DATASET ENTRIES:
★ ★ ★ ★ ★ ★ ★

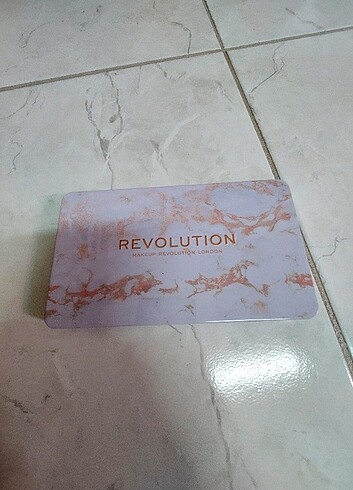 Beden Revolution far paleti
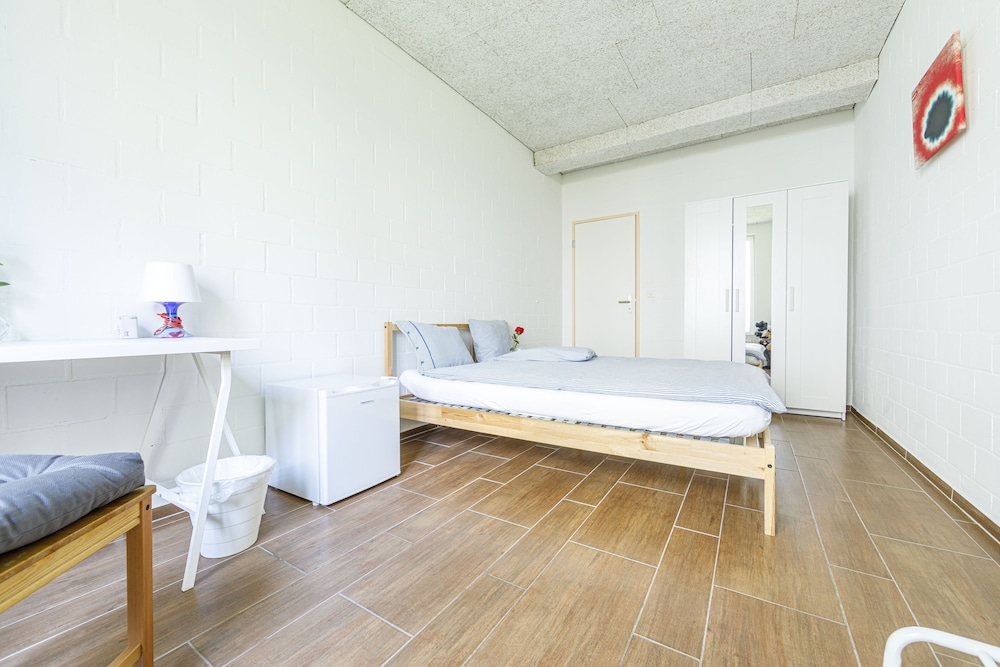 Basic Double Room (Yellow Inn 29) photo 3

★ ★ ★ ★ ★ ★ ★

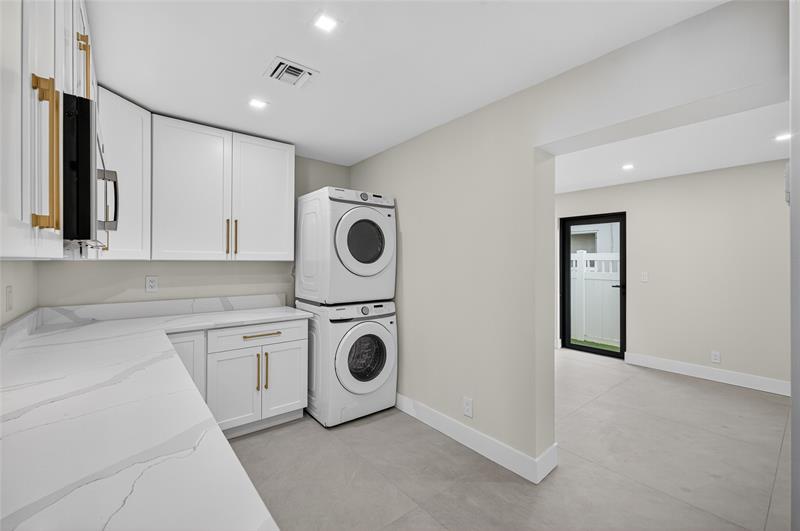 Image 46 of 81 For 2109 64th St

★ ★ ★ ★ ★ ★ ★

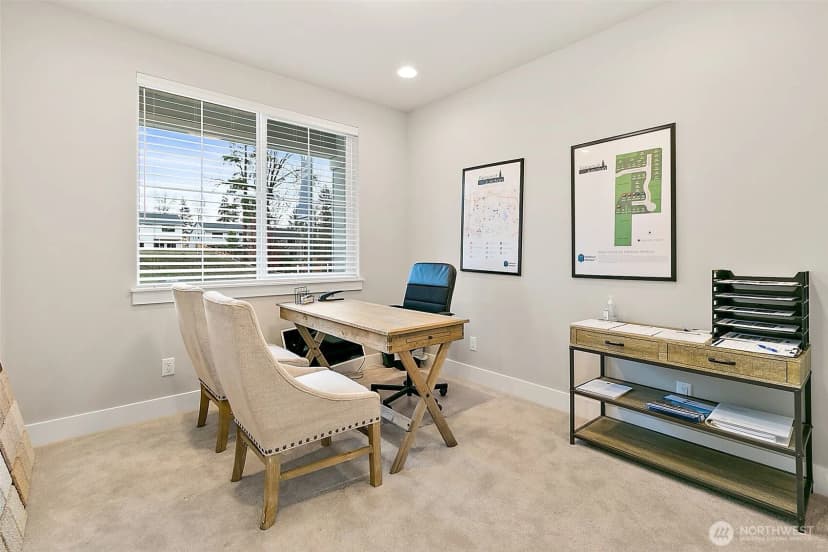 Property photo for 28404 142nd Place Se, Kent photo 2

★ ★ ★ ★ ★ ★ ★

WORK TO BE COMPLETED:
Copy the lines above between the one holding "Beden Revolution far paleti" and the one holding "Basic Double Room (Yellow Inn 29) photo 3", inclusive. Drop the pictures.

WRITTEN RESPONSE:
 Beden Revolution far paleti
 Basic Double Room (Yellow Inn 29) photo 3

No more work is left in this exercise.